------ Information supplied ------
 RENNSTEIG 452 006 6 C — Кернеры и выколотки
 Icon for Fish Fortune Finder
------
------ Information supplied ------
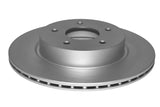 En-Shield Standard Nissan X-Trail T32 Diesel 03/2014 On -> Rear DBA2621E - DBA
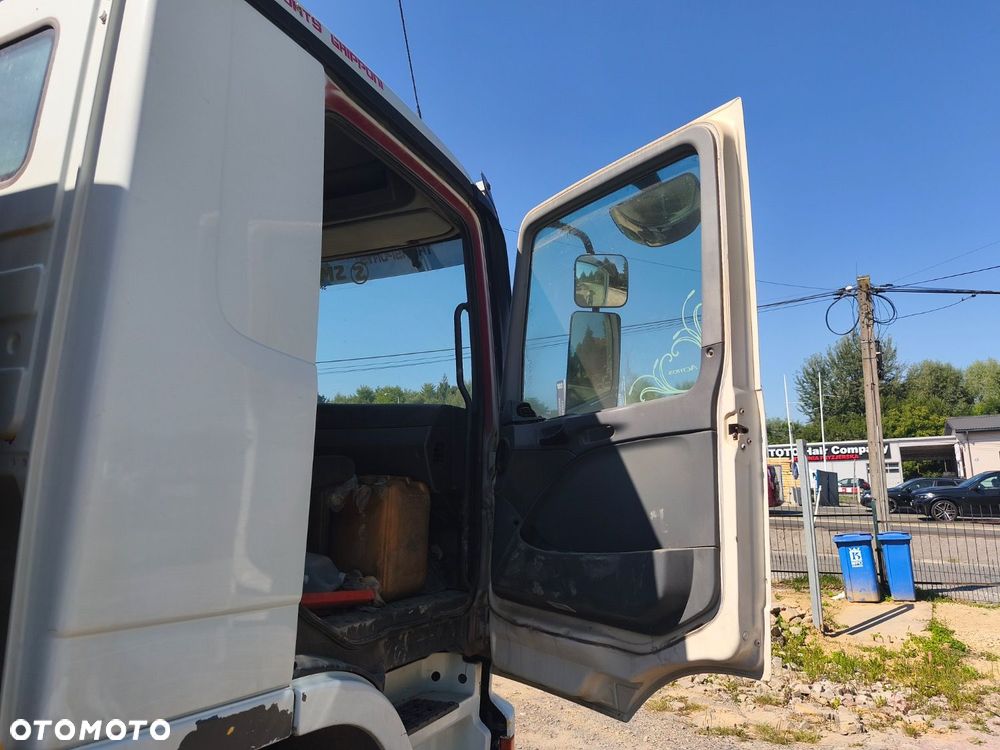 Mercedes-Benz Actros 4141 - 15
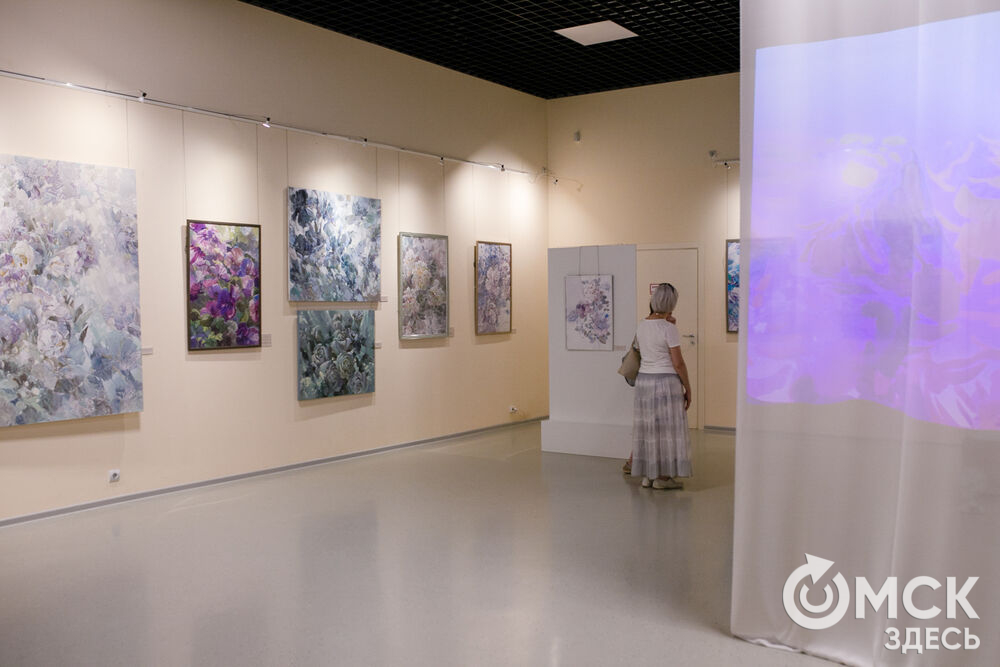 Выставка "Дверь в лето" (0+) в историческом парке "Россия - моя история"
------
Goal of the exercise. In the listing above, locate the line containing "RENNSTEIG 452 006 6 C — Кернеры и выколотки" and the line containing "Icon for Fish Fortune Finder". Extract those two lines and every line between them, exactly as written, and only those.

Your response.
 RENNSTEIG 452 006 6 C — Кернеры и выколотки
 Icon for Fish Fortune Finder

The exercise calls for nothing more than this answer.